The integrated GPU gap between these two processors is substantial. The Ryzen 7 170 carries the Radeon 680M, while the Ryzen 5 150 uses the Radeon 660M — and the difference is not merely a naming tier. The 680M doubles the shader count (768 vs 384 shading units), doubles the TMUs (48 vs 24), and doubles the ROPs (32 vs 16). These figures represent raw rendering throughput, and doubling all three simultaneously means the 680M can push roughly twice the pixel and texture work per clock cycle compared to the 660M.
Clock speeds amplify that advantage further. The 680M runs at a base of 2000 MHz and boosts to 2200 MHz, compared to the 660M's 1500 MHz base and 1900 MHz turbo. Combined with the doubled compute resources, this makes the Ryzen 7 170 significantly more capable for GPU-dependent tasks — light gaming, accelerated video playback, display output handling, and GPU-accelerated creative applications will all benefit noticeably. Both GPUs share the same API support (DirectX 12, OpenGL 4.6, OpenCL 2.2) and can drive up to 4 displays, so the parity ends there.
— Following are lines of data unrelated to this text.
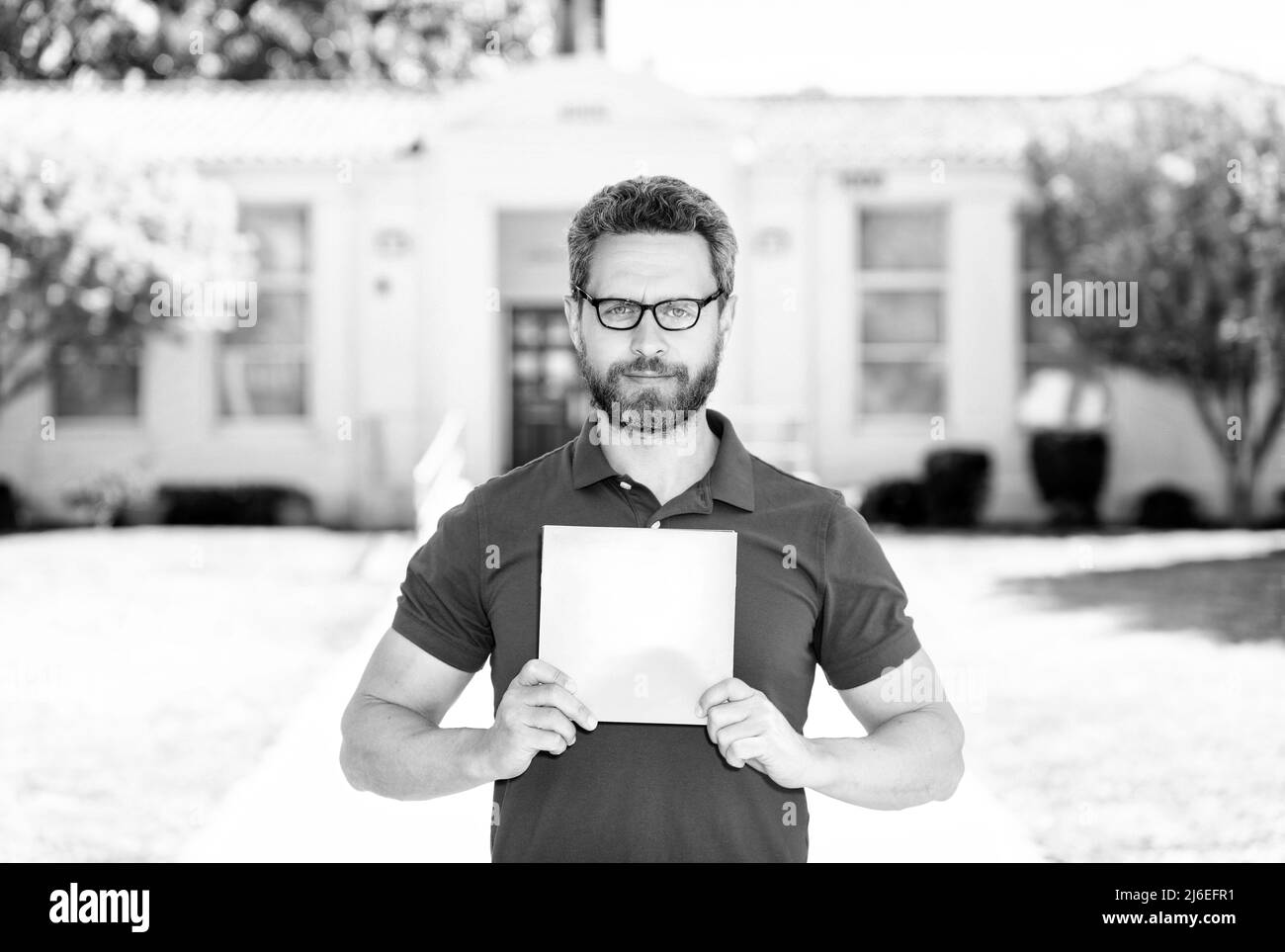 insegnante uomo in bicchieri mostrando foglio di carta, di nuovo a scuola Foto Stock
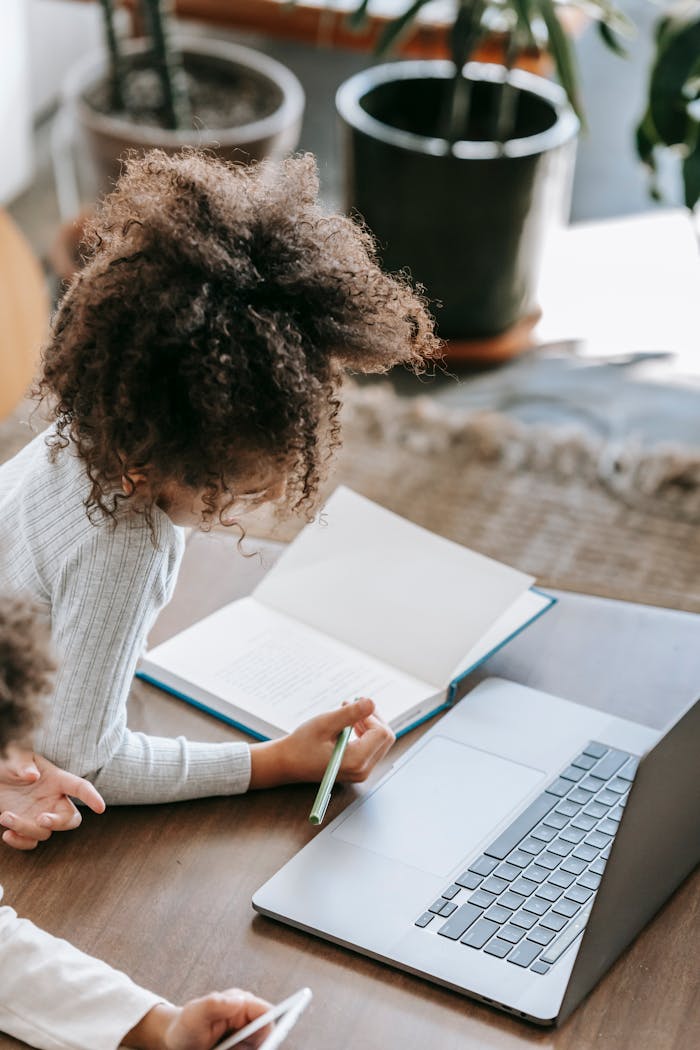 why-choose-us From above of unrecognizable African American schoolgirl with curly hair in casual clothes lying on floor and taking notes in copybook during distance lesson via laptop at home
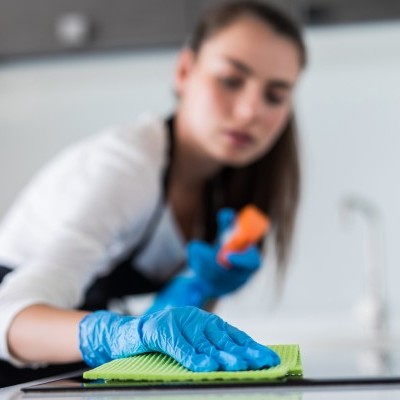 Pessoa a limpar superfície preta com pano verde e luvas azuis numa cozinha moderna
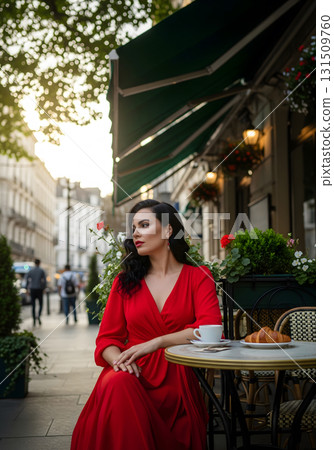 A woman in a red dress at a Parisian cafe 131509760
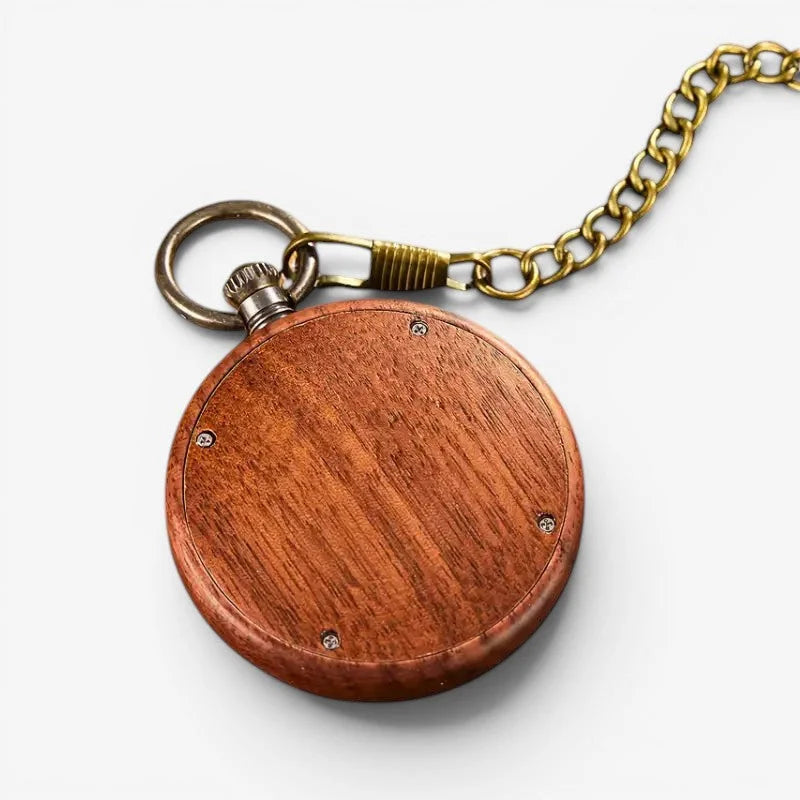 A round quartz wood pocket watch with richly grained reddish-brown wood and a brass chain and clasp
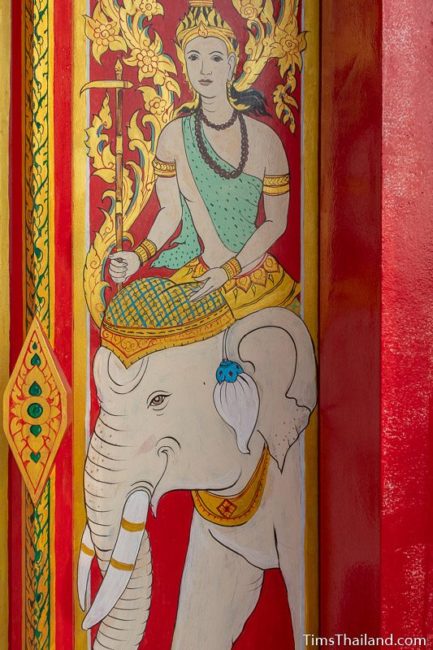 painting of the god Budha riding an elephant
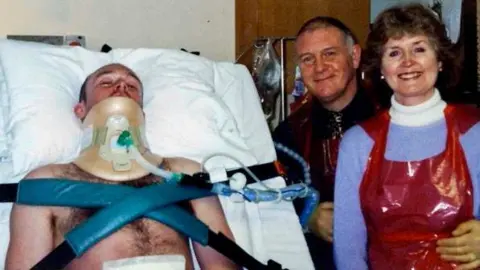 Family photo A topless man with a neck brace lying in a hospital bed. His hairy chest is strapped to the bed by blue cross-ver straps. Beside him are a man and woman. They both have dark hair and the man has an arm around the woman. He is wearing a dark shirt and sge is wearing a lilac jumper with a red plastic apron over it. They are both smiling and looking at the camera.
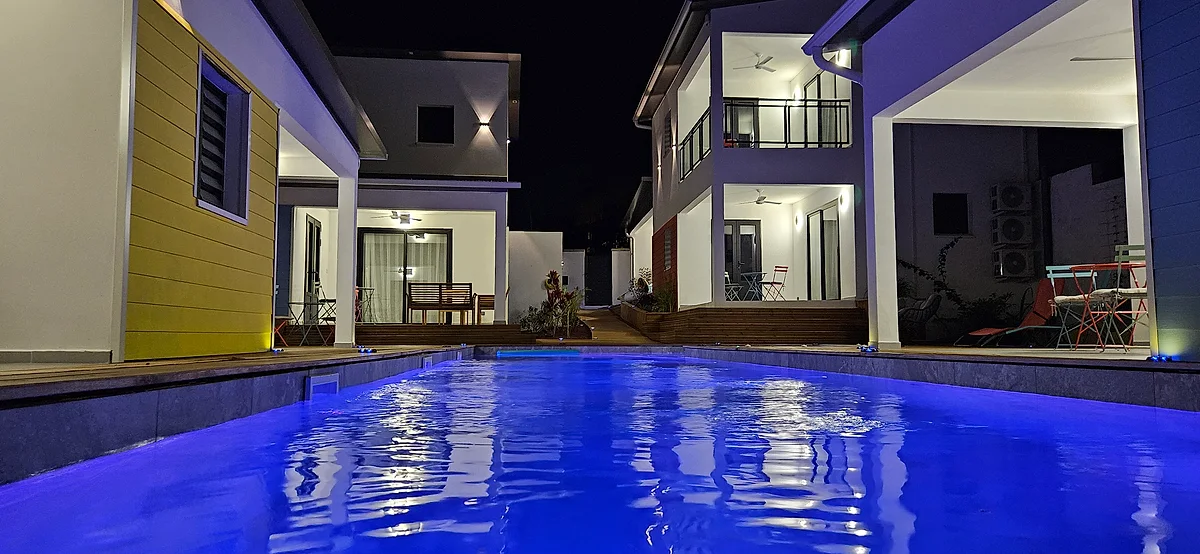 La piscine illuminée en bleu, la nuit, entre les suites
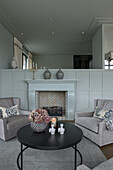 Comfortable armchairs and coffee table in front of the fireplace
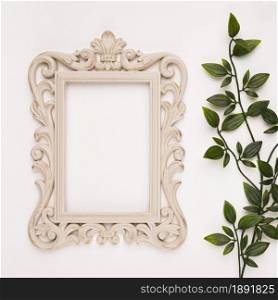 wooden carving frame near artificial leaves white backdrop. Resolution and high quality beautiful photo. wooden carving frame near artificial leaves white backdrop. High quality and resolution beautiful photo concept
The Ryzen 7 170 wins this category decisively. For anyone relying on integrated graphics — whether gaming without a discrete GPU, running compute workloads, or driving a multi-monitor setup with GPU-accelerated content — the 680M's combination of higher clock speeds and doubled hardware resources gives it a commanding lead over the 660M in the Ryzen 5 150.